What is being asked>
Write the entries out in full, matching them exactly.

☆ ☆ ☆ ☆

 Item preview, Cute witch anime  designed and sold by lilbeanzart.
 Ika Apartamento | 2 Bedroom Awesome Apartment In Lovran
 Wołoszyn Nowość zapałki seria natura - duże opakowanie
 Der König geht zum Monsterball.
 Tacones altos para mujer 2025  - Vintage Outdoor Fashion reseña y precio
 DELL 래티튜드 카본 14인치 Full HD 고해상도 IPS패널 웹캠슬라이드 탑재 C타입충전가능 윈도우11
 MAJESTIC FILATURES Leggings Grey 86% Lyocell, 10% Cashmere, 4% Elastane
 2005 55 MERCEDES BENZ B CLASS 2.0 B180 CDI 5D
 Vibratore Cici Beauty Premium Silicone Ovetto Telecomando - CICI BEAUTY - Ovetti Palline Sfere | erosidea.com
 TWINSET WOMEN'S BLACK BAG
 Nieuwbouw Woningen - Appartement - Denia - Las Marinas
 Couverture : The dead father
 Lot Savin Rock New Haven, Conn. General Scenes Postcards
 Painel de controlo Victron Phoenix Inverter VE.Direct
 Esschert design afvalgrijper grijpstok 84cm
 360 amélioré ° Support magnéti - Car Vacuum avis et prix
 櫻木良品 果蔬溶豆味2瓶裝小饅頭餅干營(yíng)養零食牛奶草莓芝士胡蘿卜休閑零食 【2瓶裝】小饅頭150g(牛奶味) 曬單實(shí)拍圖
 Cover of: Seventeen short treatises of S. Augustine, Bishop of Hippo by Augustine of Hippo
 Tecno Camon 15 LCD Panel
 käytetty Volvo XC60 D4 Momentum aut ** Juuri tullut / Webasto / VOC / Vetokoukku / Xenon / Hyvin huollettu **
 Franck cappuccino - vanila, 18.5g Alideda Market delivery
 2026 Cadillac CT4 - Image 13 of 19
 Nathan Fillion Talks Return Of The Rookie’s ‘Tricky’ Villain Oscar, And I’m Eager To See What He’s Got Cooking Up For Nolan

☆ ☆ ☆ ☆

Expected output>
 Item preview, Cute witch anime  designed and sold by lilbeanzart.
 Ika Apartamento | 2 Bedroom Awesome Apartment In Lovran
 Wołoszyn Nowość zapałki seria natura - duże opakowanie
 Der König geht zum Monsterball.
 Tacones altos para mujer 2025  - Vintage Outdoor Fashion reseña y precio
 DELL 래티튜드 카본 14인치 Full HD 고해상도 IPS패널 웹캠슬라이드 탑재 C타입충전가능 윈도우11
 MAJESTIC FILATURES Leggings Grey 86% Lyocell, 10% Cashmere, 4% Elastane
 2005 55 MERCEDES BENZ B CLASS 2.0 B180 CDI 5D
 Vibratore Cici Beauty Premium Silicone Ovetto Telecomando - CICI BEAUTY - Ovetti Palline Sfere | erosidea.com
 TWINSET WOMEN'S BLACK BAG
 Nieuwbouw Woningen - Appartement - Denia - Las Marinas
 Couverture : The dead father
 Lot Savin Rock New Haven, Conn. General Scenes Postcards
 Painel de controlo Victron Phoenix Inverter VE.Direct
 Esschert design afvalgrijper grijpstok 84cm
 360 amélioré ° Support magnéti - Car Vacuum avis et prix
 櫻木良品 果蔬溶豆味2瓶裝小饅頭餅干營(yíng)養零食牛奶草莓芝士胡蘿卜休閑零食 【2瓶裝】小饅頭150g(牛奶味) 曬單實(shí)拍圖
 Cover of: Seventeen short treatises of S. Augustine, Bishop of Hippo by Augustine of Hippo
 Tecno Camon 15 LCD Panel
 käytetty Volvo XC60 D4 Momentum aut ** Juuri tullut / Webasto / VOC / Vetokoukku / Xenon / Hyvin huollettu **
 Franck cappuccino - vanila, 18.5g Alideda Market delivery
 2026 Cadillac CT4 - Image 13 of 19
 Nathan Fillion Talks Return Of The Rookie’s ‘Tricky’ Villain Oscar, And I’m Eager To See What He’s Got Cooking Up For Nolan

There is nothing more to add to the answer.